Jordan A. Harris is an American politician who has served in the Pennsylvania House of Representatives since 2013, representing the 186th district in South and Southwest Philadelphia. A member of the Democratic Party, he currently serves as chairman of the House Appropriations Committee.

Harris is a member of the Knight Foundation's Philadelphia Community Advisory Committee.

== Early life and education ==
Harris attended John Bartram Motivation High School in Philadelphia. Harris holds a bachelor's degree in governmental and political affairs from Millersville University and a master's degree in education from Cabrini College. He is currently enrolled in a doctoral program at Neumann University. Harris is a former teacher in the Philadelphia Public Schools. He has served in city government, rising to the position of director of the Philadelphia Youth Commission.

== Political career ==
Since his election to the Pennsylvania House of Representatives in 2012, Harris has advocated for criminal justice reform, supporting clean slate bills to allow people convicted of felonies to, after a certain amount of time, have their conviction removed from their record. Harris worked on this legislation since he was sworn into office, and Governor Tom Wolf signed the Clean Slate Act in June 2018. As of June 2022, over 40 million Pennsylvanians have had their record sealed as a result of the law.

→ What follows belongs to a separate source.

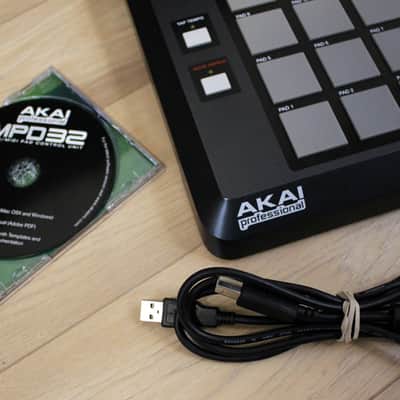 AKAI Professional MPD32 USB/Midi MPC Drum Pad Controller Unit - With USB Cable & Disc Bild 4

Harris was selected by the Pennsylvania Democratic Party as one of 20 delegates to the United States Electoral College for Joe Biden and his running mate, Kamala Harris, in the 2020 United States presidential election.

Harris previously served as the Chair of the Pennsylvania House Legislative Black Caucus and served as the Democratic Whip in the 2021-2022 legislative session.

In May 2023, Harris, along with fellow Philadelphia-area Representative Jared Solomon, established the legislative Black-Jewish Caucus.